OSU150 celebrates new exhibit

A timeline outlining significant events in Oregon State University’s history from 1887 to 2017.

Oregon Historical Society showcases 150 years of OSU history.

The Oregon Historical Society, in conjunction with the OSU150 celebration program, presents the Oregon State University: A Legacy of Transformation exhibit from Feb. 10 to Sep. 9.

“The exhibit includes 150 stories, photographs and artifacts that tell the history of Oregon State University and how OSU has transformed the state, Oregonians, as well as the nation and world over the past 150 years,” Steve Clark, Vice President of University Relations and Marketing, said in an email.

The OHS exhibit was created in conjunction with the OSU150 program and utilized a few of the materials housed in the Valley Library’s Special Collections and Archives Research Center, according to Director Larry Landis.

“The stories cover the gamut of what makes OSU, OSU—cutting edge research, educational opportunities, athletics, development of the campus, notable alumni and perhaps most importantly, what it means to be a land grant university,” Landis said in an email. “It also addresses difficult issues, such as how we have treated students from underrepresented groups over the years. Everyone who engages with the exhibit will find stories that pique their interests.”

According to Landis, the exhibit features multiple types of media for different kinds of museum guests.

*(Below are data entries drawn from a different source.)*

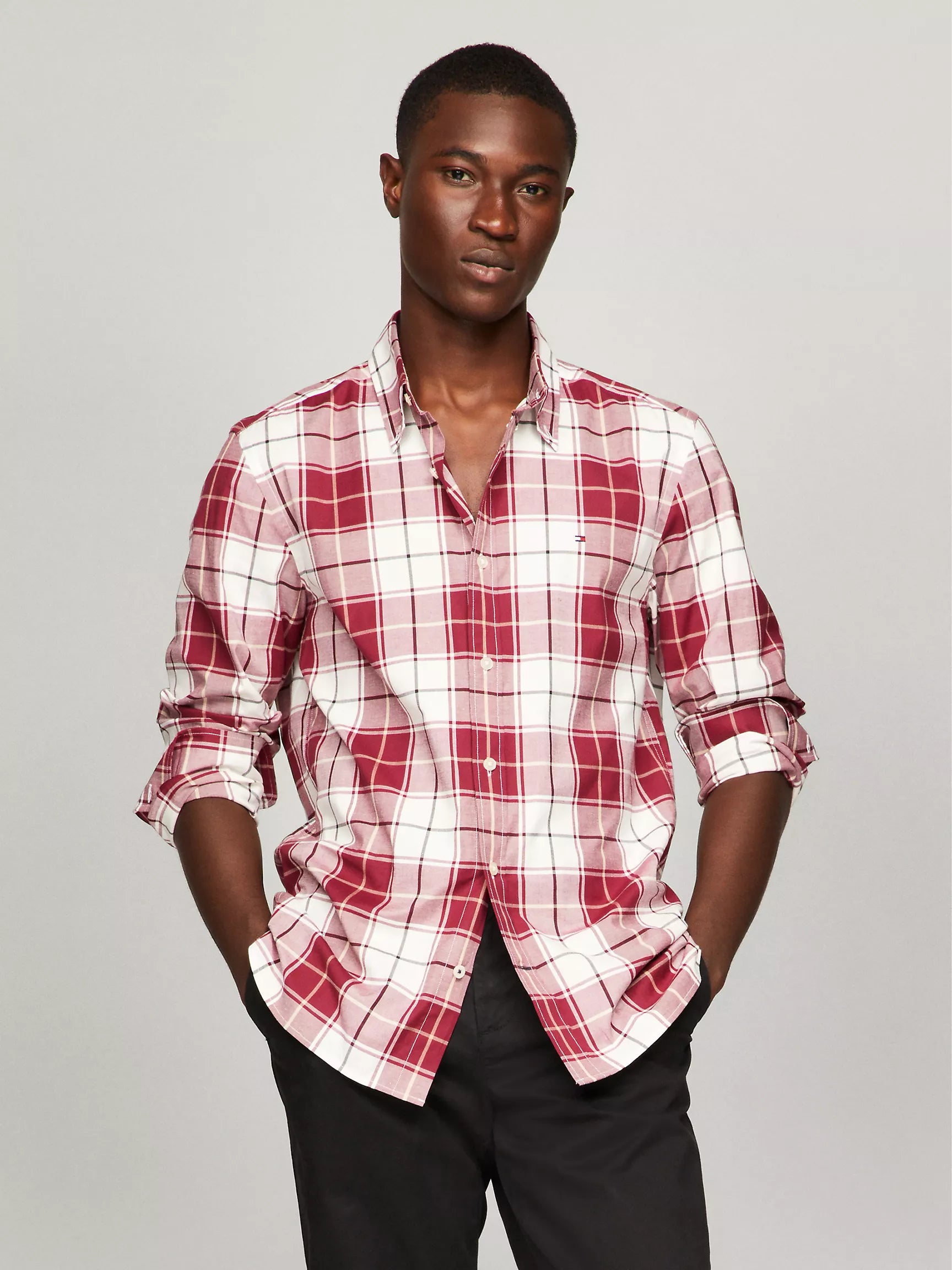 Tommy Mens' Regular Fit Plaid Poplin Shirt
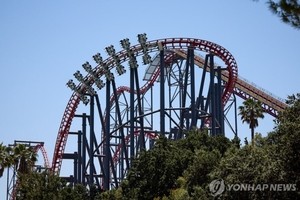 롤러코스터 타다 2명 뇌출혈, 어떻게 생겼길래…‘공포의 놀이기구’ 운행 중단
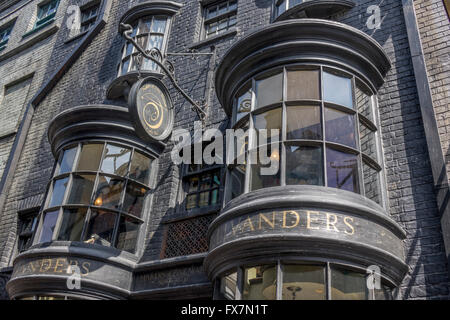 Close Up äußere des Garrick Ollivander Wandmakers Shop In Harry Potters Winkelgasse im Universal Orlando Resort Stockfoto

“SCARC contributed historic photos, audio and video clips, especially from our OSU150 oral history project, background historical research and some artifacts,” Landis said via email. “During a walk-through of the exhibit last week, I was very impressed with many of the mural-size reproductions of historic photographs from our collections, as well as how our content was incorporated into the digital centerpiece.”

Additionally, there are several features to the exhibit of note, according to OSU150 Director Shelly Signs.

“They include 150 stories, a digital touch table and an interactive element where you can be a whale and go around the exhibit seeking krill (what whales eat),” Signs said. “When you drop your whale back at the station you can see where you were feeding.”

According to Landis, one of the 150 stories is that of Linus Pauling, an OSU graduate and two-time recipient of the Nobel Prize.

“It is a large exhibit—some folks may want or need to visit it more than once. There is a large section pertaining to renowned scientist Linus Pauling, who graduated from Oregon State in 1922,” Landis said via email. “It includes the original of a love letter from July 1922 that Pauling wrote to his future wife, Ava Helen Miller. That letter is from the Ava Helen and Linus Pauling Papers in SCARC.”

Guests may also experience a slice of retro OSU life using tactile, visual and audio elements, according to Landis.

“There is also a corner area designed to feel like the Memorial Union, complete with an original couch from the MU and a mural-size historic photo of the main lounge,” Landis said in an email. “This area also includes a listening station, where one can hear vintage recordings of the fight song and alma mater.”

The exhibit is expected to attract thousands of visitors over the seven months it is open, according to Clark.

“The exhibit will serve to attract more than 40,000 visitors to learn more about OSU and engage with the university,” Clark said in an email. “During the summer, we will have several traveling OSU history exhibits traveling the state to visit many of Oregon’s 36 counties.”

According to Clark, after the exhibit closes, different pieces will be distributed to various OSU-affiliated campuses such as Bend and Newport.